*** Entries provided Section Begins ***

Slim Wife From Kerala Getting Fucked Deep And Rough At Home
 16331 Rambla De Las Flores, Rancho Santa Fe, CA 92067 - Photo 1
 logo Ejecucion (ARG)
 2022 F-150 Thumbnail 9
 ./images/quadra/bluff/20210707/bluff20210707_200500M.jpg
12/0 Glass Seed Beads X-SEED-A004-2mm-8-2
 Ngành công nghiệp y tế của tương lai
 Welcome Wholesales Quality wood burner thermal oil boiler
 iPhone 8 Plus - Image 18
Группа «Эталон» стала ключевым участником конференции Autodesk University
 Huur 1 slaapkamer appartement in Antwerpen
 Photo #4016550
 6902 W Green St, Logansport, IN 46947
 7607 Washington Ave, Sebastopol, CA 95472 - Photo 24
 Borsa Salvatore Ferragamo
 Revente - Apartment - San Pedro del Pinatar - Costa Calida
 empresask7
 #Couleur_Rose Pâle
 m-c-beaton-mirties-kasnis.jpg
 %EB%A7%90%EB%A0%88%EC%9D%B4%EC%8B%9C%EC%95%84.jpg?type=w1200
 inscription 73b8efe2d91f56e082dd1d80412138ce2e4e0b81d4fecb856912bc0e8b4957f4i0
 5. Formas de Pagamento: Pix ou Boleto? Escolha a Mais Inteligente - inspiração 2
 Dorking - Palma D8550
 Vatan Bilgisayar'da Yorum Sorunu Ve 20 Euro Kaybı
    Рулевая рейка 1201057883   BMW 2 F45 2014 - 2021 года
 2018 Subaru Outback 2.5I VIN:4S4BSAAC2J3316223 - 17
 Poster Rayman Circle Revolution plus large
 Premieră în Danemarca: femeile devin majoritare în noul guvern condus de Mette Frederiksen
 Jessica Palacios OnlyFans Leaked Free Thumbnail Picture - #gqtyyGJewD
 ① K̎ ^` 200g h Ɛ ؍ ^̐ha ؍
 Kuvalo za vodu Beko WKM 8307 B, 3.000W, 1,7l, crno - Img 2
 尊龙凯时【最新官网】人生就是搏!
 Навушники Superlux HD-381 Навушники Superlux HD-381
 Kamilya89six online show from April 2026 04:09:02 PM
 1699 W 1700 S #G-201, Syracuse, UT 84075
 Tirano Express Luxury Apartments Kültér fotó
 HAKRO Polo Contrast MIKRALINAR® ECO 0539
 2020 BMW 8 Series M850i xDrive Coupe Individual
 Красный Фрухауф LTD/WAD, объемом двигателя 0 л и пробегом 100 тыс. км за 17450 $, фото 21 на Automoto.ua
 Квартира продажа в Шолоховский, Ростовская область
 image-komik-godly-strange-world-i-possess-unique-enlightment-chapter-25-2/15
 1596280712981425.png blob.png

*** Entries provided Section Ends ***

- **Problem description**
Nothing in the records should be left out; write all of them out again exactly.

- **Answer below**
Slim Wife From Kerala Getting Fucked Deep And Rough At Home
 16331 Rambla De Las Flores, Rancho Santa Fe, CA 92067 - Photo 1
 logo Ejecucion (ARG)
 2022 F-150 Thumbnail 9
 ./images/quadra/bluff/20210707/bluff20210707_200500M.jpg
12/0 Glass Seed Beads X-SEED-A004-2mm-8-2
 Ngành công nghiệp y tế của tương lai
 Welcome Wholesales Quality wood burner thermal oil boiler
 iPhone 8 Plus - Image 18
Группа «Эталон» стала ключевым участником конференции Autodesk University
 Huur 1 slaapkamer appartement in Antwerpen
 Photo #4016550
 6902 W Green St, Logansport, IN 46947
 7607 Washington Ave, Sebastopol, CA 95472 - Photo 24
 Borsa Salvatore Ferragamo
 Revente - Apartment - San Pedro del Pinatar - Costa Calida
 empresask7
 #Couleur_Rose Pâle
 m-c-beaton-mirties-kasnis.jpg
 %EB%A7%90%EB%A0%88%EC%9D%B4%EC%8B%9C%EC%95%84.jpg?type=w1200
 inscription 73b8efe2d91f56e082dd1d80412138ce2e4e0b81d4fecb856912bc0e8b4957f4i0
 5. Formas de Pagamento: Pix ou Boleto? Escolha a Mais Inteligente - inspiração 2
 Dorking - Palma D8550
 Vatan Bilgisayar'da Yorum Sorunu Ve 20 Euro Kaybı
    Рулевая рейка 1201057883   BMW 2 F45 2014 - 2021 года
 2018 Subaru Outback 2.5I VIN:4S4BSAAC2J3316223 - 17
 Poster Rayman Circle Revolution plus large
 Premieră în Danemarca: femeile devin majoritare în noul guvern condus de Mette Frederiksen
 Jessica Palacios OnlyFans Leaked Free Thumbnail Picture - #gqtyyGJewD
 ① K̎ ^` 200g h Ɛ ؍ ^̐ha ؍
 Kuvalo za vodu Beko WKM 8307 B, 3.000W, 1,7l, crno - Img 2
 尊龙凯时【最新官网】人生就是搏!
 Навушники Superlux HD-381 Навушники Superlux HD-381
 Kamilya89six online show from April 2026 04:09:02 PM
 1699 W 1700 S #G-201, Syracuse, UT 84075
 Tirano Express Luxury Apartments Kültér fotó
 HAKRO Polo Contrast MIKRALINAR® ECO 0539
 2020 BMW 8 Series M850i xDrive Coupe Individual
 Красный Фрухауф LTD/WAD, объемом двигателя 0 л и пробегом 100 тыс. км за 17450 $, фото 21 на Automoto.ua
 Квартира продажа в Шолоховский, Ростовская область
 image-komik-godly-strange-world-i-possess-unique-enlightment-chapter-25-2/15
 1596280712981425.png blob.png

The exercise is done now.